[Opening Data excerpts section]

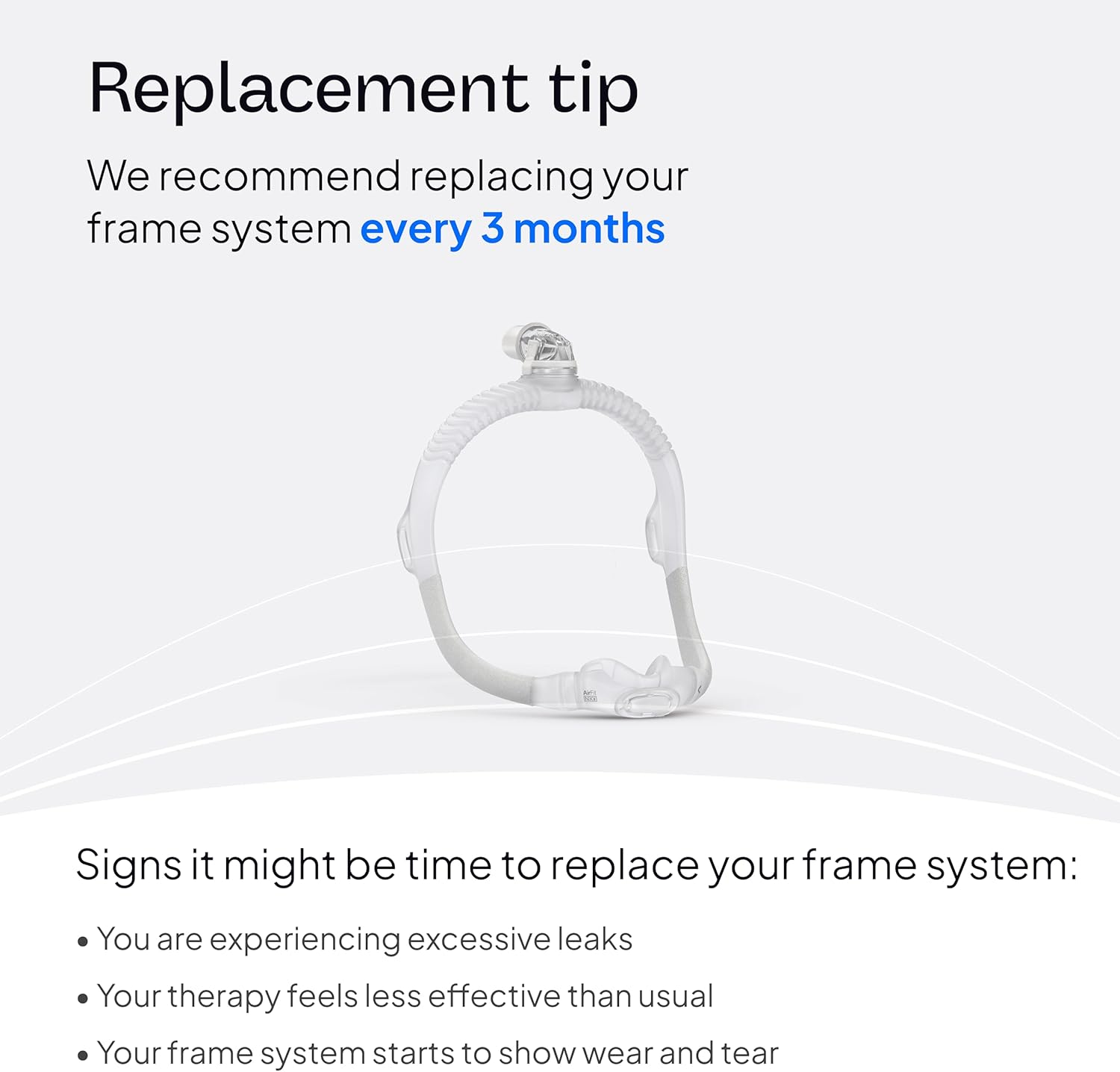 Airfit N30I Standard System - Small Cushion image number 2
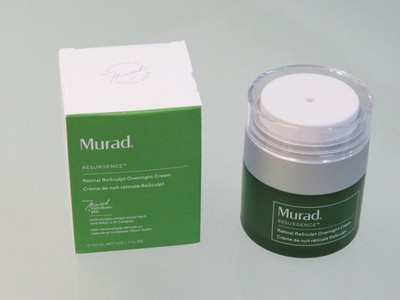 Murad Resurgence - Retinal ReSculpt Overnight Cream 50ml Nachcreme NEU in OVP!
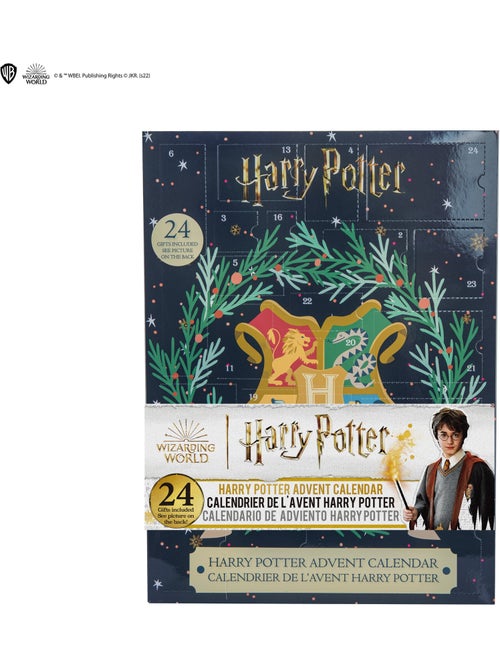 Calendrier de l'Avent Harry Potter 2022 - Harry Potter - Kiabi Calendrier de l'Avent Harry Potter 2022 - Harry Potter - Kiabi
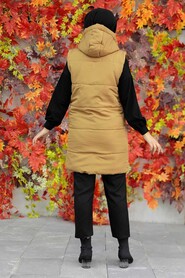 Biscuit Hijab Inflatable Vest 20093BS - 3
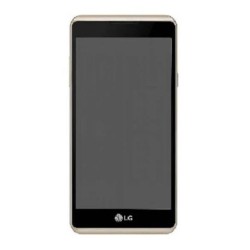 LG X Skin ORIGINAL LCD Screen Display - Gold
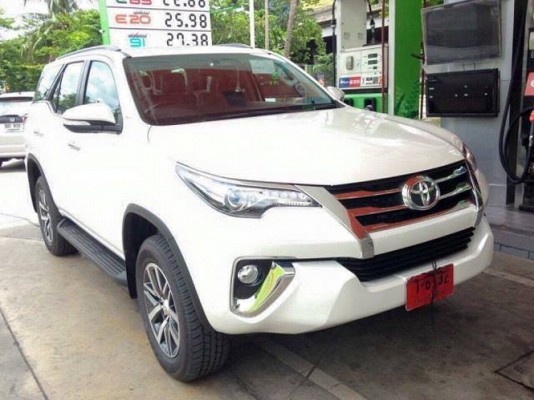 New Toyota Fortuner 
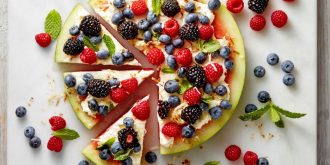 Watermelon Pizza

[Closing Data excerpts section]

→ **Instructions to follow**: With the pictures left out, copy exactly the lines from the one containing "LG X Skin ORIGINAL LCD Screen Display - Gold" through the final line of the records above, both included.

→ **Solution to the exercise**:
 LG X Skin ORIGINAL LCD Screen Display - Gold
 New Toyota Fortuner 
 Watermelon Pizza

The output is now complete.